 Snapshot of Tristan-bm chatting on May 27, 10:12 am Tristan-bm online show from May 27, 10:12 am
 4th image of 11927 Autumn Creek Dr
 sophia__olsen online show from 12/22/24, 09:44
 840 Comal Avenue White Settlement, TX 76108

════════

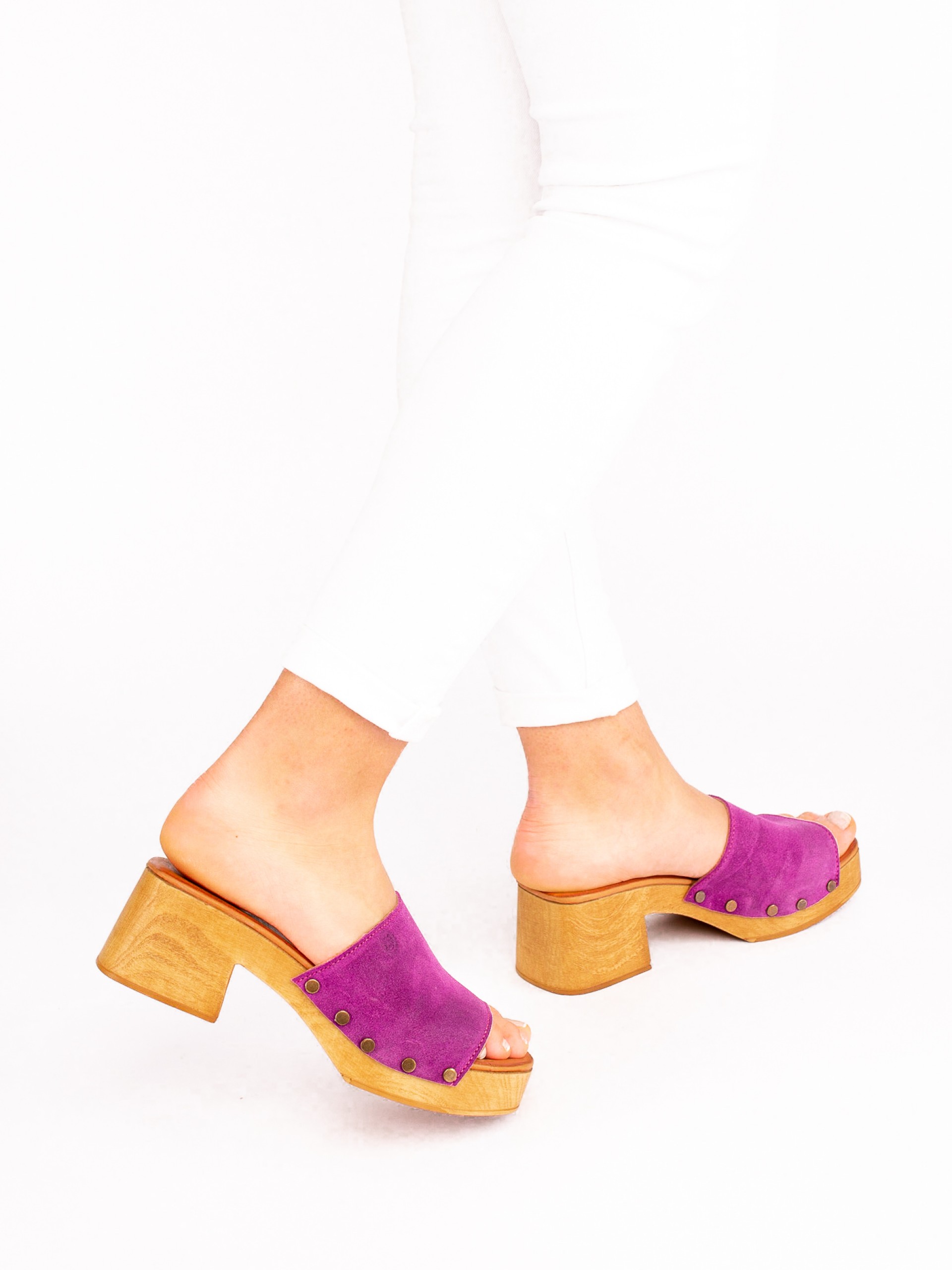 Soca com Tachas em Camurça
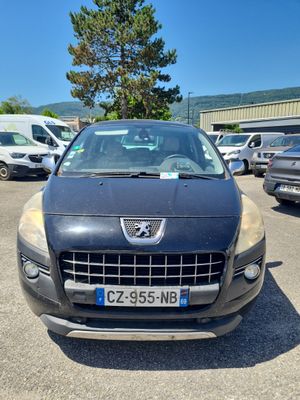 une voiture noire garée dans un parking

════════

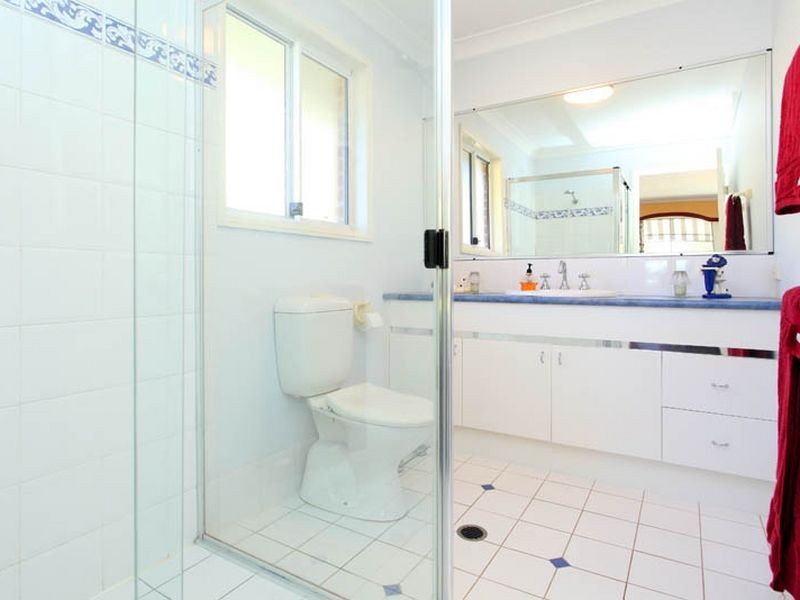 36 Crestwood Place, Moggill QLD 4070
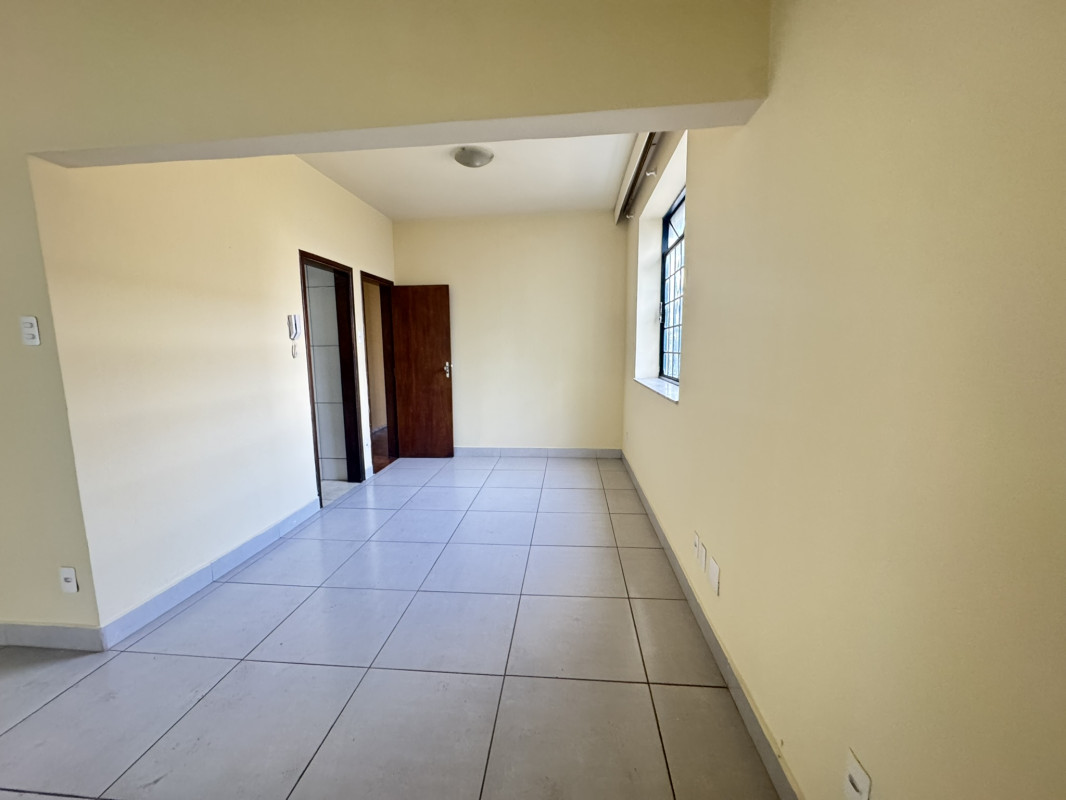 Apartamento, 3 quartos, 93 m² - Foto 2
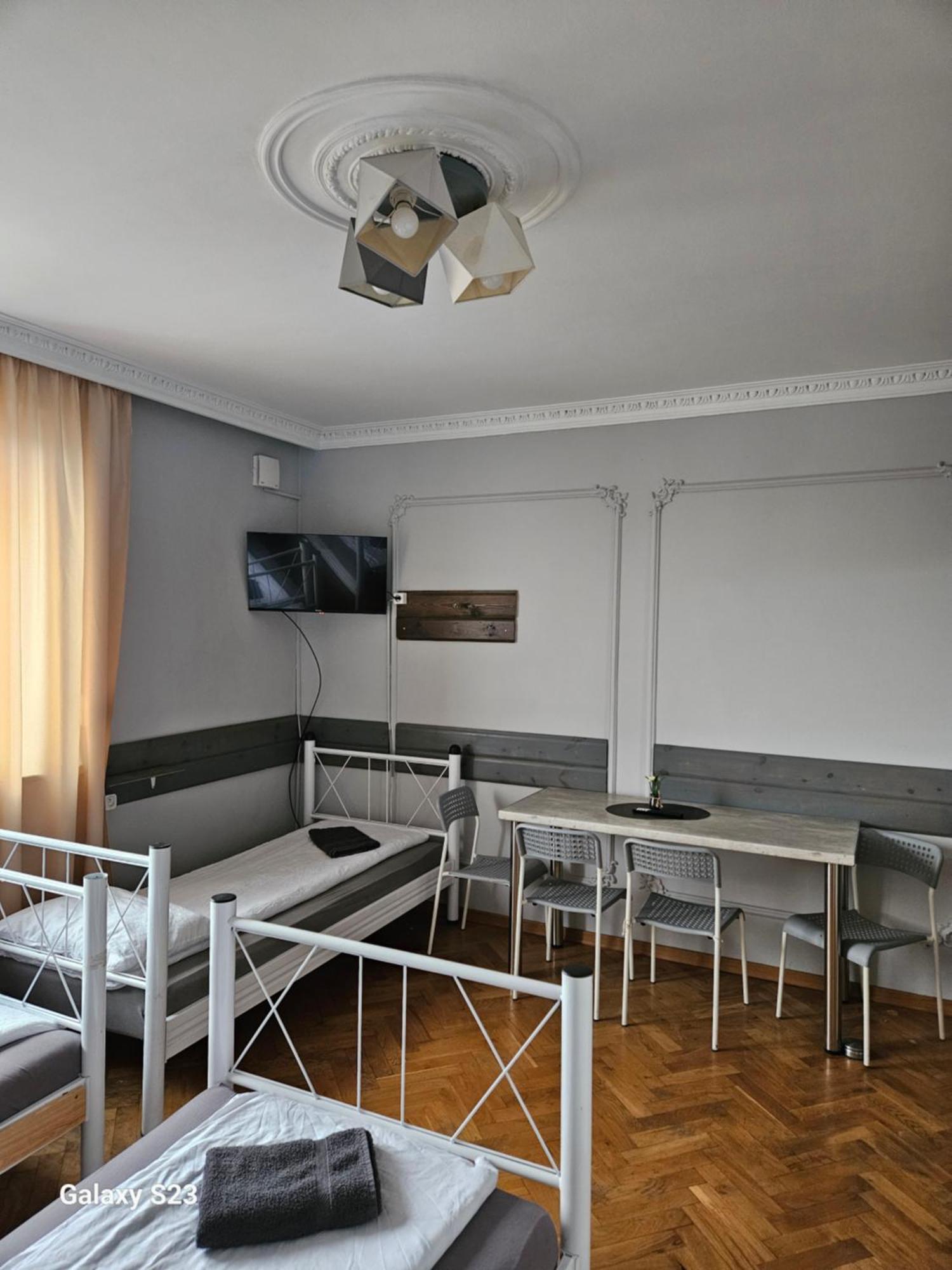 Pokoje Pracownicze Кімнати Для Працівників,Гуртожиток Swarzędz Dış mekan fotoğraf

════════

Read the records above. Show each line that has the string "from".

* Exercise response
 Snapshot of Tristan-bm chatting on May 27, 10:12 am Tristan-bm online show from May 27, 10:12 am
 sophia__olsen online show from 12/22/24, 09:44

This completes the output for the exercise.